Pizzi Cannella, “Bagno turco”, 2019

La  veste,  che emerge da sfondi di un cromatismo variegato – con dominante arancio e verde, rosso e oro – è corredata da oggetti che di volta in volta ne marcano il momento e il significato evocativo.  “Una sorta di ansia redentiva sembra animarlo – osserva ancora Rella – e spingerlo negli anfratti della memoria, per riportare alla luce schegge, frammenti di cose  che lì si sono perdute”,  e  danno il titolo alle opere:  “Corallo” e  “Le perle”, “Marina o madreperla” e “Bagno turco”. Altri titoli derivano dall’aspetto evocato, “Esterno giorno”  e “Ombra cinese”, o dalla dominate cromatica, “L’oro”, “Verde ,verde, verde”, “Bianco d’argento, bianco di Spagna”.

Pizzi Cannella,“Verde, verde, verde”, 2019

 Rella  – che ha definito “una storia per immagini”  questa serie di opere realizzate nel corso del 2019 in tempi ristretti –  cerca di dare ad esse una sequenza, come capitoli di un racconto che procede nella ricerca del bianco e culmina  con le vesti “Bianco d’argento” ed “Esterno giorno”.  A noi sembra che in queste due opere, insieme a “L’oro”, al bianco che invece trionfa nelle altre si sovrappongano una sorta di quadrettatura nel primo, un oscuramento nel secondo, l’indoratura nel terso. 

Pizzi Cannella, “Marina o madreperla”, 2019

Potrebbe anche partire da qui per mettere a fuoco via via i reperti della memoria, nei quali la veste recupera il suo biancore, con i contorni o gli oggetti che ne fissano il momento, come le mattonelle del Bagno turco”,  il prato delVerde verde verde”  e l’accavallarsi  di “Marina o madreperla , l’Ombra cinese” con i vasi  e la spilla di “Corallo” appuntata alla veste, fino alle Perle” che per noi rappresenta il culmine del viaggio nella memoria, attraverso i luoghi evocati per fissarsi al termine  sulle collane che adornano  il “decolletè”. Ma qui un’ombra nera oscura la metà superiore della veste, come se la vicinanza al volto abbia creato l’oscurità impenetrabile.  Il viso è dunque irraggiungibile, tra i frammenti della memoria manca l’elemento centrale.

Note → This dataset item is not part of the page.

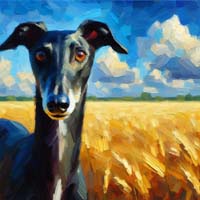 BlackGreyhoundFullFaceGoldenField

Pizzi Cannella,“Ombra cinese”, 2019

Sempre secondo Relle l’artista è alla ricerca di un “altrove”,  non cerca di restaurare ciò che è avvenuto, come il viandante delle “Partenze” di Kafka  che alla domanda di dove andasse rispose “Via di qui, questa è la mia meta”.   E’ lo “spazio di mezzo” tra la luce  e il buio, dove il colore  irrompe finché  non sprofonda nell’oscurità o viene sopraffatto dall’eccesso di luce. “Questo spazio di mezzo è la patria di Pizzi Cannella, . Qui si disegnano le mappe non euclidee dei suoi viaggi spirituali. Qui abitano le figure che sono nelle sue opere, insieme alle cose che queste figure portano con sé; che gli consegnano, o che lui offre  a loro,  come un bene augurale perché possano stare, possano con lui abitare questo spazio”. 

Pizzi Cannella,“Corallo”, 2019

La figura dei 9 nuovi dipinti è la veste bianca senza volto, con le cose che porta con sé,  come se voglia  allontanarsi dai ricordi delle figure femminili che la indossavano,  dimenticando i corpi e soprattutto i volti,  come per esorcizzare il passato, mentre si aggrappa ai ricordi rimasti vivi  nella memoria espressi negli oggetti e nei luoghi. Il critico ne parla così: “Lui intravvede dentro di sé i volti delle donne che hanno abitato  i suoi dipinti, che abitano tutti e nove  i dipinti di questa nuova sequenza, ma che non vediamo.  E avanza una serie di ipotesi:  “Forse sente pronunciare anche i loro nomi.  Probabilmente intuisce a chi appartengano gli oggetti  che via via ha fatto emergere e portato alla luce”. Poi pone questi interrogativi: “Dove ha sentito questi nomi? Dove ha visto quei volti?  Quando sarà possibile comunicarli?”.

Pizzi Cannella, “La perla”, 2019

Pensiamo non ci siano risposte, perché sono “cose che ormai appartengono al tempo perduto”, restano i frammenti che aiutano a ricordare ciò che non può più turbare; il resto al quale invece potrebbe essere associata qualche inquietudine non si intravede neppure in dissolvenza, è addirittura cancellato.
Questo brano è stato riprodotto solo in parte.